Действие поэмы охватывает время от начала до 60-х гг. XIX в. и происходит в Норвегии (в Гудбраннской долине и окрестных горах), на марокканском побережье Средиземного моря, в пустыне Сахара, в сумасшедшем доме в Каире, на море и снова в Норвегии, на родине героя.
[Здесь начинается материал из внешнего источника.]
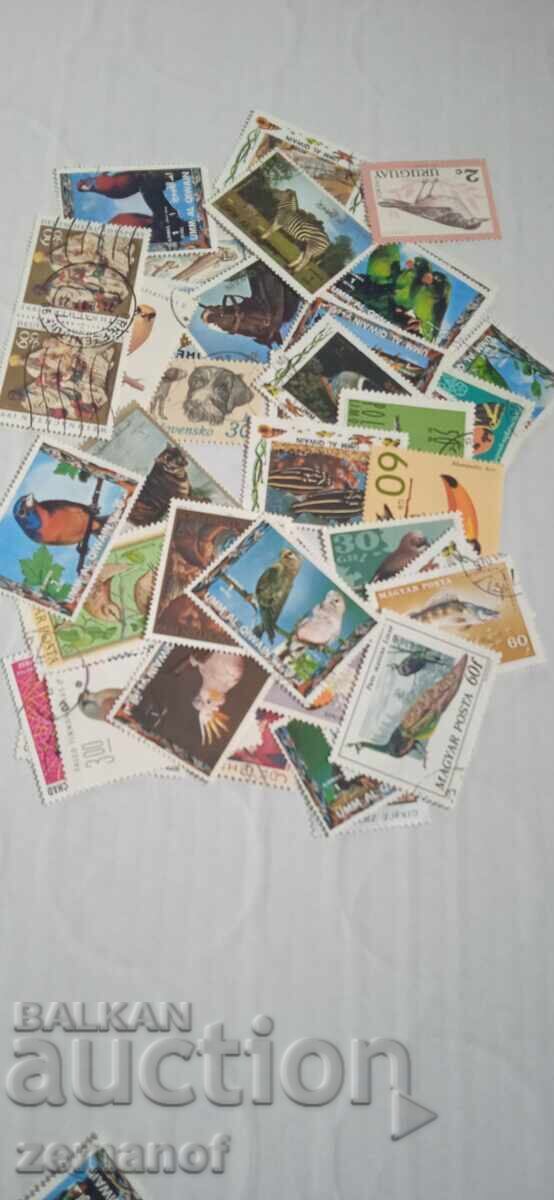 Μάρκες όλου του κόσμου Μάρκες όλου του κόσμου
Молодой деревенский парень Пер Гюнт дурачится, обманывая мать Осе. Он рассказывает ей историю об охоте на прыткого оленя. Раненый олень взвивается с оседлавшим его Пером на вершину хребта, а потом прыгает с высоты в кристально чистое, как зеркало, озеро, устремляясь к собственному отражению. Затаив дыхание, Осе слушает. Она не сразу спохватывается: эту историю она знает — Пер лишь слегка переиначил старинное предание, примерив его на себя. Порванная одежда сына объясняется другим — он подрался с кузнецом Аслаком. Задирают Пера окрестные парни часто: он любит пофантазировать, а в мечтах видит себя героем сказок или легенд — принцем или королём, окружающие же считают его истории пустым хвастовством и вздором. Вообще, Пер слишком заносчив! Ещё бы, ведь он — сын капитана, пусть даже спившегося, промотавшего состояние и бросившего семью. И ещё одно — Пер нравится девушкам. По этому поводу мать сетует: что бы ему не жениться на Ингрид, дочери богатого хуторянина? Тогда бы были у них и земля, и поместье! А ведь Ингрид заглядывалась на Пера. Жаль! Как раз вечером играют её свадьбу, Ингрид выходит замуж за Маса Мона.
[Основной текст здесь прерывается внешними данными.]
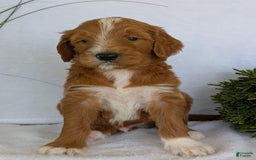 Goldendoodle dogs for sale: Mikey - Image 2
За Маса Мона? Тюфяка и простофилю? Этому не бывать! Пер идёт на свадьбу! Пытаясь отговорить сына, Осе угрожает — она пойдёт с сыном и перед всеми его ославит! Ах, так! Пер, смеясь и играючи, сажает мать на крышу чужого дома: пусть посидит тут, покуда её не снимут, а он пока сходит на праздник.
На свадьбе незваного гостя встречают в штыки. Девушки не идут танцевать с ним. Пер сразу отличает среди них Сольвейг, дочь крестьянина-сектанта из переселенцев. Она так прекрасна, чиста и скромна, что даже ему, лихому парню, боязно к ней подступиться. Пер приглашает Сольвейг несколько раз, но всякий раз получает отказ. В конце концов девушка признается ему: ей стыдно идти с подвыпившим. Кроме того, она не хочет огорчать родителей: строгие правила их религии ни для кого исключений не делают. Пер огорчён. Воспользовавшись моментом, парни предлагают ему выпить, чтобы потом над ним посмеяться. Пера к тому же злит и раззадоривает неумёха жених, не знающий, как надо обращаться с невестой... Неожиданно даже для самого себя Пер хватает невесту под мышку и, «как свинью», по выражению одного из гостей, уносит её в горы.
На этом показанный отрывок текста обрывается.